Ending violence against children grossly underfunded by global community
More than one billion children are impacted by violence every year, but less than £860m is allocated by wealthy nations to keep children in developing countries safe from harm, aid agencies have warned.
A new report published by a coalition of aid agencies including World Vision, ChildFund, Save the Children and SOS Children’s villages, Counting Pennies: A review of official development assistance to end violence against children, found that only a tiny fraction of money given by countries around the world goes toward ending violence against children in developing nations.
The report estimates that of £135bn given in 2015 as official development assistance (ODA), less than 0.6 per cent was allocated to projects that address violence against children. There were 1.66 billion children living in the 107 recipient countries that year, meaning that the money given equates to around 50p per child.
Violence against children undermines all aid and development activities. Partnerships, like the one backing this report, are vital in addressing an issue of this magnitude. An end to violence against children is within reach and we will see the greatest impact by working together.
- Trihadi Saptoadi, World Vision’s Global Leader for Impact and Engagement
Marta Santos Pais, Special Representative of the United Nations Secretary-General on Violence against Children, said: “While commending states’ commitment to end violence against children, it is deeply worrying that less than US$1.1 billion of ODA is estimated to be spent addressing this critical human rights concern.”

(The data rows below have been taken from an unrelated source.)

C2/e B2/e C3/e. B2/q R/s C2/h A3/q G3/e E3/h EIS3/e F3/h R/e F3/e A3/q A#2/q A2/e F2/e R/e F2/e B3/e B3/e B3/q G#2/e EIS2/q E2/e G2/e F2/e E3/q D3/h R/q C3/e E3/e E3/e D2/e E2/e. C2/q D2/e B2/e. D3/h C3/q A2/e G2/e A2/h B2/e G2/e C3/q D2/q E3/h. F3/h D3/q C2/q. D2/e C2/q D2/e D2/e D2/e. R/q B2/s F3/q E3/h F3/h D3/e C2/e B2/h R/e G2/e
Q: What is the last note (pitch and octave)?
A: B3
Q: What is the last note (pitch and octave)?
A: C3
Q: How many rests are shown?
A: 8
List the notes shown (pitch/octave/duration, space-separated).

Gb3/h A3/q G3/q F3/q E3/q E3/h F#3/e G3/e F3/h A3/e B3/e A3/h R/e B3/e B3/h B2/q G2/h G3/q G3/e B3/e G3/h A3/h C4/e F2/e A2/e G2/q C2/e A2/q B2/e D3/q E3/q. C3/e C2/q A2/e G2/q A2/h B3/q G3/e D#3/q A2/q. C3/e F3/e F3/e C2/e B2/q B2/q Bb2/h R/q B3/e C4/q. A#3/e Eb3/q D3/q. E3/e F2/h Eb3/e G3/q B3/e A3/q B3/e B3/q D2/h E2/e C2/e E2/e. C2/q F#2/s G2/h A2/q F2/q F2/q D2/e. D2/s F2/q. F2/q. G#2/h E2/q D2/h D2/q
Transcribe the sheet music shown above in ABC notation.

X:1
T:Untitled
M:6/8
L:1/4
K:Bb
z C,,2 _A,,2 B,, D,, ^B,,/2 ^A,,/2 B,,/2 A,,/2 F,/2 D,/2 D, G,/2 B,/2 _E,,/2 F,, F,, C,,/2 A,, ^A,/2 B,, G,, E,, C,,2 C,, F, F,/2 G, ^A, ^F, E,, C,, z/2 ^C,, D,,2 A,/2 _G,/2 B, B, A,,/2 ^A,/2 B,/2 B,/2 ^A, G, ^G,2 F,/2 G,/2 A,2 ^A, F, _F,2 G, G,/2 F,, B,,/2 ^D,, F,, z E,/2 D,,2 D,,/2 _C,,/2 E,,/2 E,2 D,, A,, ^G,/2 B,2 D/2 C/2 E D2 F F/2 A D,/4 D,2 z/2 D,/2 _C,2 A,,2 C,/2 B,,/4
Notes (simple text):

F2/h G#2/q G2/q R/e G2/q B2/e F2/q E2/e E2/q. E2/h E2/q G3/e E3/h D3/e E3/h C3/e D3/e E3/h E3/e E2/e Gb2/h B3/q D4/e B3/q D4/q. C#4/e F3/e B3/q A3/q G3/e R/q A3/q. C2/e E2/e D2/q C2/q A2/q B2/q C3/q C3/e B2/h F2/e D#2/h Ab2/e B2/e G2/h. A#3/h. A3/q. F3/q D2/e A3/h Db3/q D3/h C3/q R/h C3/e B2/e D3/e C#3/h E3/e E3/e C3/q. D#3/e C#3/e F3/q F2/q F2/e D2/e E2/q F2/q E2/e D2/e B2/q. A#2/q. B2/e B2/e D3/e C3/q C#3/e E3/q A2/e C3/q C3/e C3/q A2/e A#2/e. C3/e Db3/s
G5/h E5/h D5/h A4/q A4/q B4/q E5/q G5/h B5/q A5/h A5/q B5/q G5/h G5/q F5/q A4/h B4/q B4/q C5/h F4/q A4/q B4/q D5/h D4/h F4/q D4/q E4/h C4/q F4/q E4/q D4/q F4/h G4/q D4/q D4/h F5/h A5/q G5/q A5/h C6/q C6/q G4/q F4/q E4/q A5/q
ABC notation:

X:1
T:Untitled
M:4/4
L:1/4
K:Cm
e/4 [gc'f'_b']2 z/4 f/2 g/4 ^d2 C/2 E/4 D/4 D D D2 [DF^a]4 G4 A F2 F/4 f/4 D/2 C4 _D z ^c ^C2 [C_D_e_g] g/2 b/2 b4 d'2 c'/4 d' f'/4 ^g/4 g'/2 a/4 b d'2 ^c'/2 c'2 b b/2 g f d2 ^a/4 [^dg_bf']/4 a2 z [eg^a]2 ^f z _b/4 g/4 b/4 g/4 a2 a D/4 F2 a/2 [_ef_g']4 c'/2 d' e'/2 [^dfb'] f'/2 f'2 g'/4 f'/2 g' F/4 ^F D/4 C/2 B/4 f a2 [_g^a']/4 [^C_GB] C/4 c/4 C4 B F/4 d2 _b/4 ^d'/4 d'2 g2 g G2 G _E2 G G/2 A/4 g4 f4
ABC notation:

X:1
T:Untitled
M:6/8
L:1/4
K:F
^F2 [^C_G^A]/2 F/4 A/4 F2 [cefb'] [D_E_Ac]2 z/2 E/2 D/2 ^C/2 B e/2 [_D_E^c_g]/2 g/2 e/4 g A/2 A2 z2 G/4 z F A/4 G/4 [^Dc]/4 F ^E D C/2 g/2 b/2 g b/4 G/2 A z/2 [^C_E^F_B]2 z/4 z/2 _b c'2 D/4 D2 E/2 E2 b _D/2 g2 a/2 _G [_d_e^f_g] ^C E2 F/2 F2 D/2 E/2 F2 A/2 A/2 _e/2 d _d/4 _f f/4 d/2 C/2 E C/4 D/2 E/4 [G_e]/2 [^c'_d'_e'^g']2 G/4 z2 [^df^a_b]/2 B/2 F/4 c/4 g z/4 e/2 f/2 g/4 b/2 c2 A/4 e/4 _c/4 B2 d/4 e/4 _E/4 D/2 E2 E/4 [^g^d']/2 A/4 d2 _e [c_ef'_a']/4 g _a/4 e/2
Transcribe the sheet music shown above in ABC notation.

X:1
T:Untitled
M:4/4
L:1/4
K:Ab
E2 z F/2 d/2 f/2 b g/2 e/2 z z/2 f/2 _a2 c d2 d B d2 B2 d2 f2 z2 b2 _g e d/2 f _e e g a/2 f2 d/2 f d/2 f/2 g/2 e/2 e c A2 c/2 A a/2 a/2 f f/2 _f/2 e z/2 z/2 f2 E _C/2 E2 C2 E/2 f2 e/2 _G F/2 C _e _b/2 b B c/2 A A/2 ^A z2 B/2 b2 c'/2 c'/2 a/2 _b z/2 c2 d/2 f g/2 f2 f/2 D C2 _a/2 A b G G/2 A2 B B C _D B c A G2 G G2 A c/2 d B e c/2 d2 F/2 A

Violence compromises children’s development, health and education and has a high cost for society – up to almost £5.5 trillion a year, worldwide. Because of this, the 2030 Agenda for Sustainable Development now includes a global target to end all forms of violence against children.
“Children’s lives are at stake and the serious consequences of violence can last a lifetime,” Santos Pais added. “While governments’ policy priorities may have competing demands on scarce resources, the social and financial costs of inaction are too high.”